Veröffentlicht: 05.11.2020

Ich misstraue meinem Gehirn. Offenbar ist es Meister darin, Dinge passend zu machen, die es nicht sind. Es bedient sich hemmungslos der Fantasie und erfindet Geschichten wie die Gebrüder Grimm es taten. Vorhang auf für mein Pulloverdrama. Vor kurzem habe ich mir einen wahnsinnig schönen, bequemen und teuren Lismer aus Merinohaar gekauft. 100 % Made aus Swiss Schaf und gestrickt von Frau Müller next door. Mein grünes Gewissen triumphiert, denn das Ding kann ich am Ende seiner Tage sogar kompostieren. Diese Tage sind nun allzu schnell gekommen, da mein Pullover sich allmählich auf meiner stählernen Brust auflöst. Schon etliche Male hat meine Schwiegermutter ihn vor dem endgültigen Zerfall mit der Nadel gerettet und langsam sieht er mit all seinen Nähten aus, wie das malträtierte Gesicht eines Boxers. Doch das alles blendet mein schizophrenes Gehirn gekonnt aus, denn es liebt die Geschichte von meinem wundervollen Ökopullover, der in Ermatingen ohne todbringende Chemie produziert wurde. Die graue Masse im Oberstübchen geht sogar weiter und gaukelt mir vor, dass ich den anderen Pullover im Sortiment auch noch kaufen müsste.

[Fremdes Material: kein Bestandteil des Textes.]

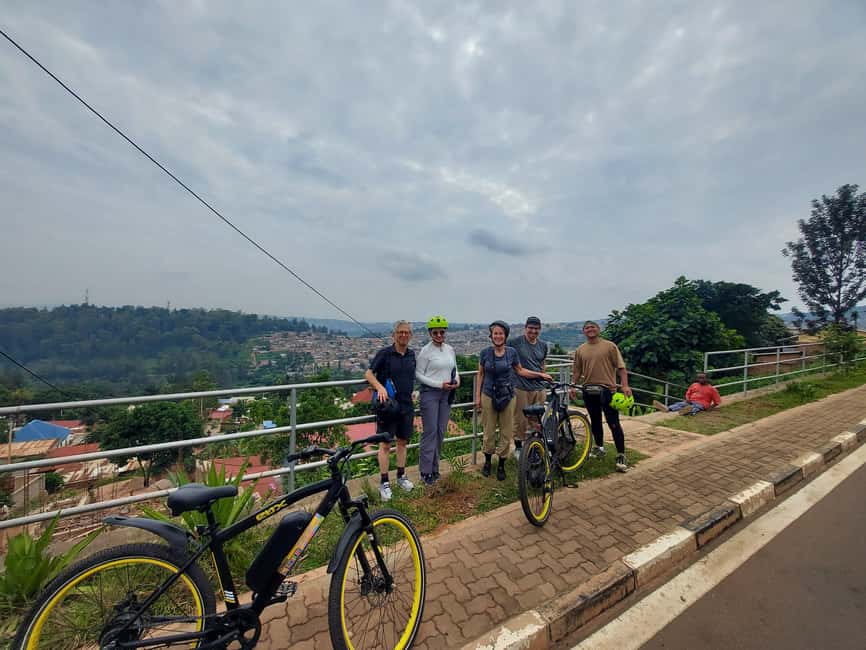 Kigali E-Bike City Tour with Breakfast - Why an e-bike makes sense in Kigali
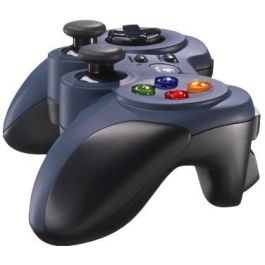Logitech Gamepad F310 USB para PC - Control con cable, 10 botones programables, compatible con PC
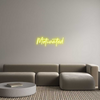 Custom neon sign Motivated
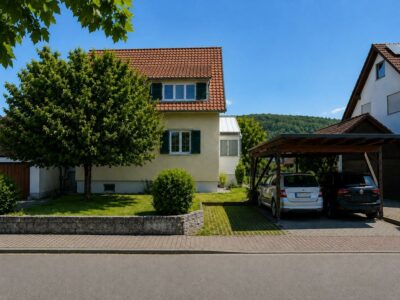 Genießen statt Suchen: Familienidylle in Pfaffenweiler, 79292 Pfaffenweiler, Einfamilienhaus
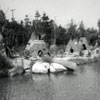 Disneyland Rivers of America Indian Settlement, July 1957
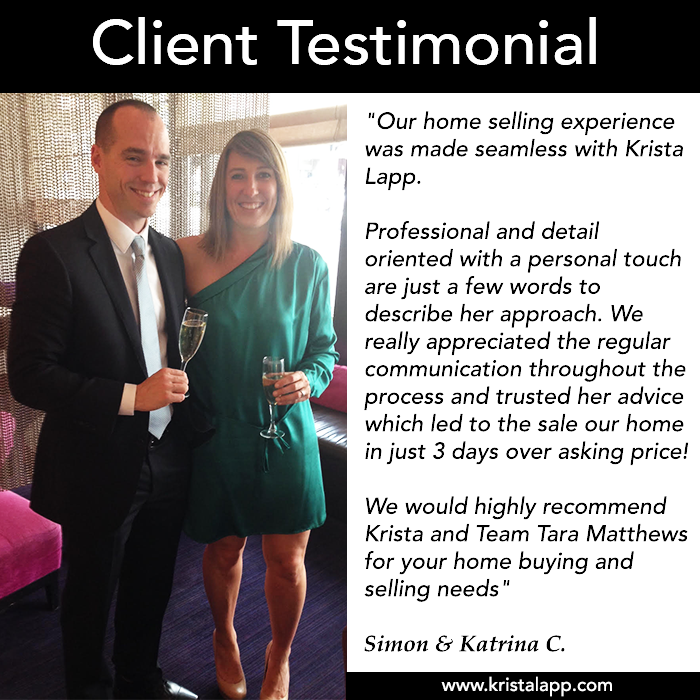 Client Testimonial for Coquitlam Real Estate Agent
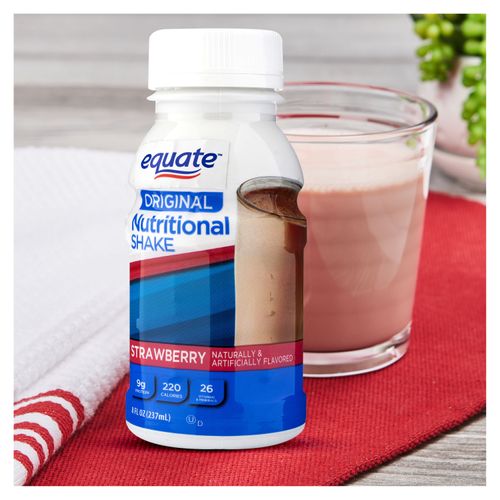 Complemento Equate Regular Strawberry - 237ml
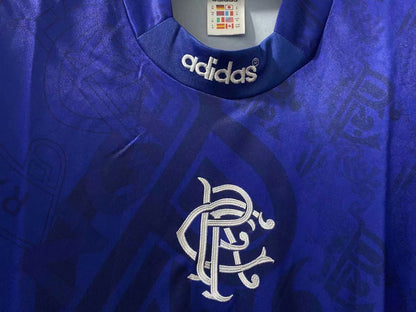 Retro rangers 1995/1996 Home Football Jersey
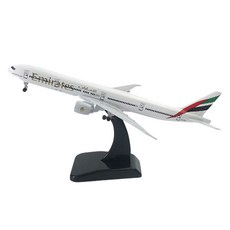 모형비행기 항공기 합금 다이캐스트 20cm, 20 81 아랍에미레이트 B777, 1개 완구/취미/수집품 반품 최저가 22,770원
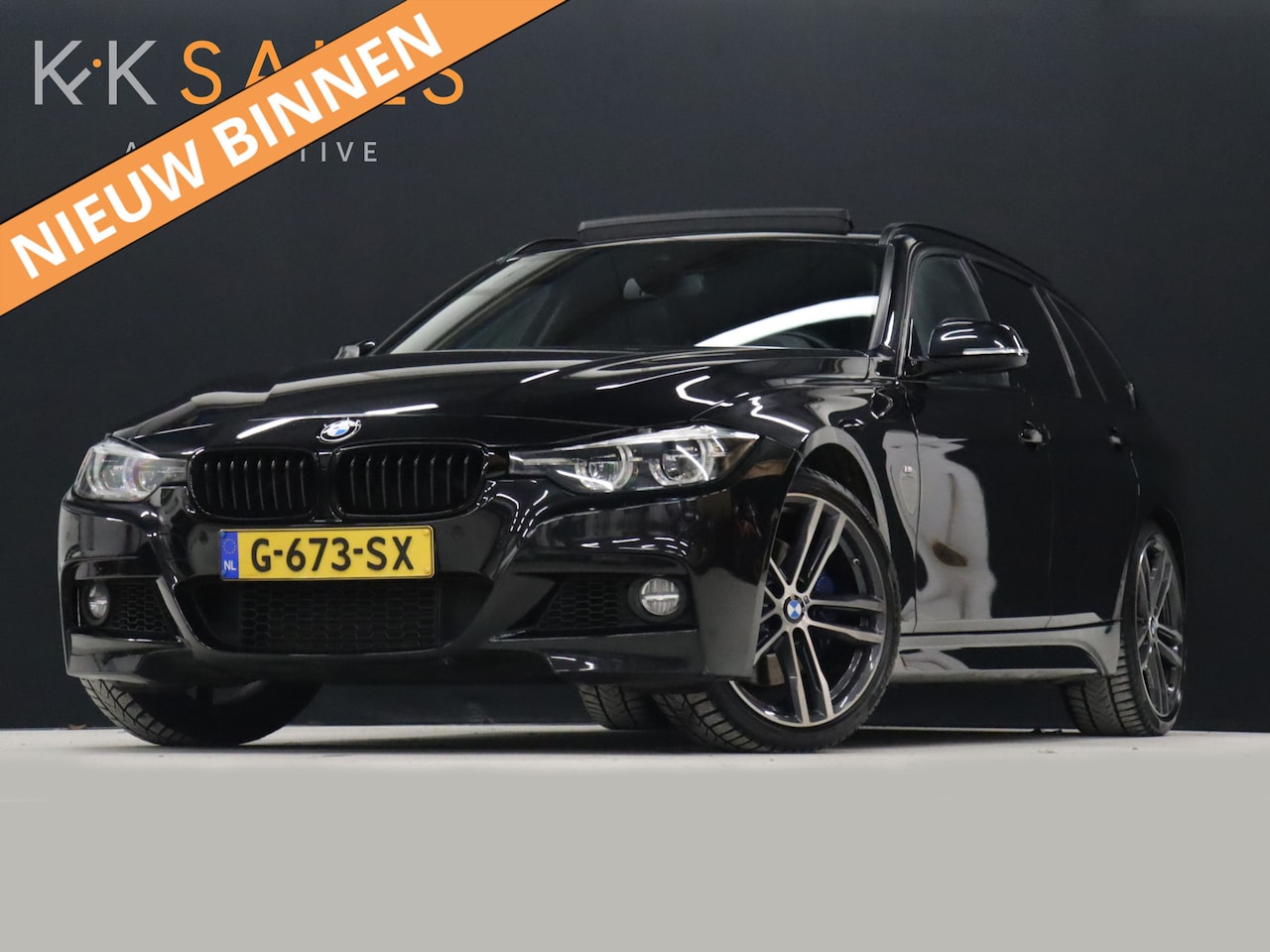 BMW 3-serie Touring - 318i M Sport Corporate Lease [SCHUIFDAK, CAMERA, STOELVERWARMING, VOL. LEDER, PDC V+A, HUD - AutoWereld.nl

Eine kluge Frau hat einmal gesagt, dass wenn wir nur noch das sehen, was wir zu sehen wünschen, wir in der geistigen Blindheit angelangen würden. Bevor ich in einem weiteren hochauflösenden Biopulli die Weltbühne betreten werde, sollte ich vielleicht den Kauf überdenken.

Die andere Variante wäre es an meiner schönen Geschichte festzuhalten und einen Nähkurs zu besuchen, um meine Illusion ein bisschen länger zu bewahren. Ökopullies sind sicherlich per se nicht schlechter als andere Kleider. Der hohe Preis ist mehr als gerechtfertigt, um Arbeitern wie Frau Müller und unseren Kindern in Zukunft ein anständiges Leben zu ermöglichen.